The execution risks are apparent from the mismatch between volumes and revenue growth. For FY13, volumes rose 8.8 per cent but revenues grew just 5.8 per cent. In the first half of FY13, the company won deals worth $960 million and "though the pipeline remains robust" the management is not confident of its revenue stream, which is why a wide band of 6-10 per cent growth guidance has been given for FY14. This is much below Nasscom's guidance of 12-14 per cent. One of the reasons for Infosys lagging on the execution front is US visas. Given the over-subscription of visas, the company has to sub-contract onsite work. Over the last few quarters, sub-contracting is up two per cent and could increase further. On some occasions project ramp-ups have not happened due to sub-contracting issues. This implies that the company is hamstrung on the execution front as well.
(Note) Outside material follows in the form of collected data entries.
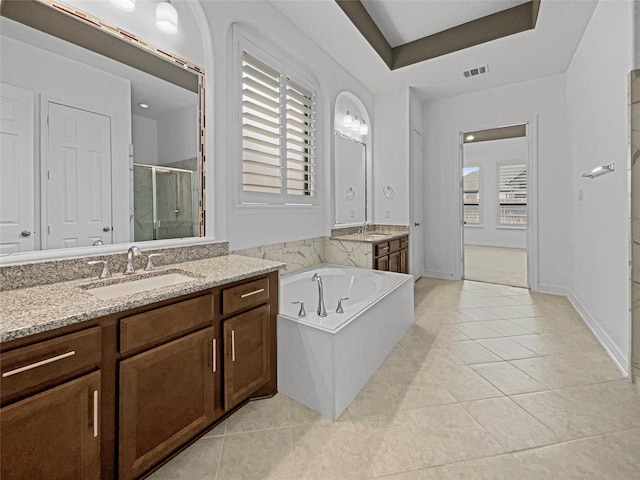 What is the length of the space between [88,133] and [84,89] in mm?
214

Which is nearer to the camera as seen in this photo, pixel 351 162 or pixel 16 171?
pixel 16 171

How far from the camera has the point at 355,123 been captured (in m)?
3.95

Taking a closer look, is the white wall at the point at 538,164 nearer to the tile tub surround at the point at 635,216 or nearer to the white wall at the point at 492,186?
the tile tub surround at the point at 635,216

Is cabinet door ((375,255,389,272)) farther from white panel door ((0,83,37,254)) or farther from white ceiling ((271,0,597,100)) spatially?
white panel door ((0,83,37,254))

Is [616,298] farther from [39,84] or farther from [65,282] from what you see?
[39,84]

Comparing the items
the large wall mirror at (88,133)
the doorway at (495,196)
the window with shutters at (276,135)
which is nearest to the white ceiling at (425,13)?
the window with shutters at (276,135)

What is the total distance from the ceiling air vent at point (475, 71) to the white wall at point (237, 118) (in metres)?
1.73

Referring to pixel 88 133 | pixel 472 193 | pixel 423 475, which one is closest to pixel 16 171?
pixel 88 133

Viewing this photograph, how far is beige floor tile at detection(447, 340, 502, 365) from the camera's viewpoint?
232 centimetres

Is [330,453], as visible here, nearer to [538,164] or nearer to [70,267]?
[70,267]

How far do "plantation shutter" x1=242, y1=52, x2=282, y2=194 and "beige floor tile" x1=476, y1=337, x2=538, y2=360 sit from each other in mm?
2231

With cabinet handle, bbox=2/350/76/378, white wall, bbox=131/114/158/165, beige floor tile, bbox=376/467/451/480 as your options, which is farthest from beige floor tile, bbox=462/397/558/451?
white wall, bbox=131/114/158/165

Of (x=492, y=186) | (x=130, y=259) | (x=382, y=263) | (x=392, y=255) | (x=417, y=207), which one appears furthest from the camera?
(x=492, y=186)

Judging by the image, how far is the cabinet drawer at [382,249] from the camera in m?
A: 3.30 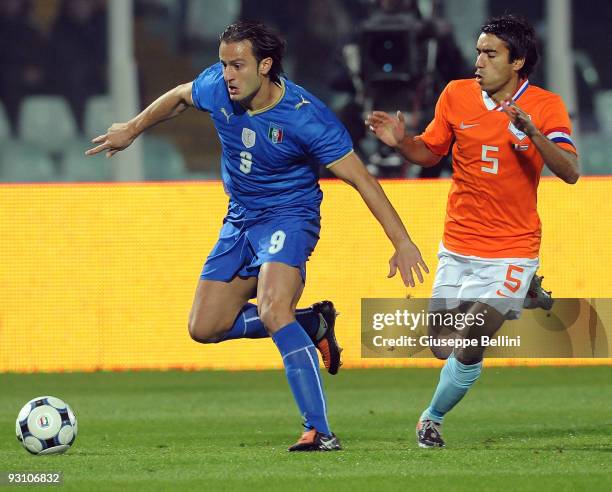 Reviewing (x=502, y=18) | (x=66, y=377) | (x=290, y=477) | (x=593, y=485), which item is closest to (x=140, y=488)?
(x=290, y=477)

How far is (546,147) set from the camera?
23.0ft

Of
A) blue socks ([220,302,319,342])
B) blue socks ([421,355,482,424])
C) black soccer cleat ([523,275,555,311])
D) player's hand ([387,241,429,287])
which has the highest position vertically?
player's hand ([387,241,429,287])

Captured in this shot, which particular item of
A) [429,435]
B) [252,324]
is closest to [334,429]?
[252,324]

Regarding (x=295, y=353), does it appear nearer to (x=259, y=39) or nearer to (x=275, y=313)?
(x=275, y=313)

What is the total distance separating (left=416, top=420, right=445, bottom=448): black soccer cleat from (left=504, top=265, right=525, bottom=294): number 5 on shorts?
78 cm

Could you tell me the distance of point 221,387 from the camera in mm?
11578

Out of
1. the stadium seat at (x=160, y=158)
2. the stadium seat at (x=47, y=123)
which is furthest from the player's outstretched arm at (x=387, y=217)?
the stadium seat at (x=47, y=123)

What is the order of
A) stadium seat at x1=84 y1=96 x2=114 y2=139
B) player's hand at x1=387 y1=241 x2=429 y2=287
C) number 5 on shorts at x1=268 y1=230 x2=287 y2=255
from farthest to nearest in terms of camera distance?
stadium seat at x1=84 y1=96 x2=114 y2=139 → number 5 on shorts at x1=268 y1=230 x2=287 y2=255 → player's hand at x1=387 y1=241 x2=429 y2=287

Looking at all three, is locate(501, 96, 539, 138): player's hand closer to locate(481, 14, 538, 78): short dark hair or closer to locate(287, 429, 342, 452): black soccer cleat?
locate(481, 14, 538, 78): short dark hair

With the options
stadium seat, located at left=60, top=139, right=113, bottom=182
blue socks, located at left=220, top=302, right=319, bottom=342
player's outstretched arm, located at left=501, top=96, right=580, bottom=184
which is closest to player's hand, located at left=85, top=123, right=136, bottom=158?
blue socks, located at left=220, top=302, right=319, bottom=342

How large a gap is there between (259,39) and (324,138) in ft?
1.89

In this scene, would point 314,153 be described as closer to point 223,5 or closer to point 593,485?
point 593,485

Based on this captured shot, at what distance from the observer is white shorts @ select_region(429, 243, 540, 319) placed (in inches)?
304

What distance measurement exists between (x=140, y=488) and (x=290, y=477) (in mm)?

The other headwind that is expected to hit the company in FY14 is lower margins, which will also impact revenue growth. Operating margins have declined from 30 per cent in FY12 to 25.8 per cent in FY13. It has ended Q4 with operating profit margins of 23.5 per cent. Margin headwinds will be the dominant theme of FY14, D Shibulal, chief executive officer (CEO) of Infosys, conveyed to analysts.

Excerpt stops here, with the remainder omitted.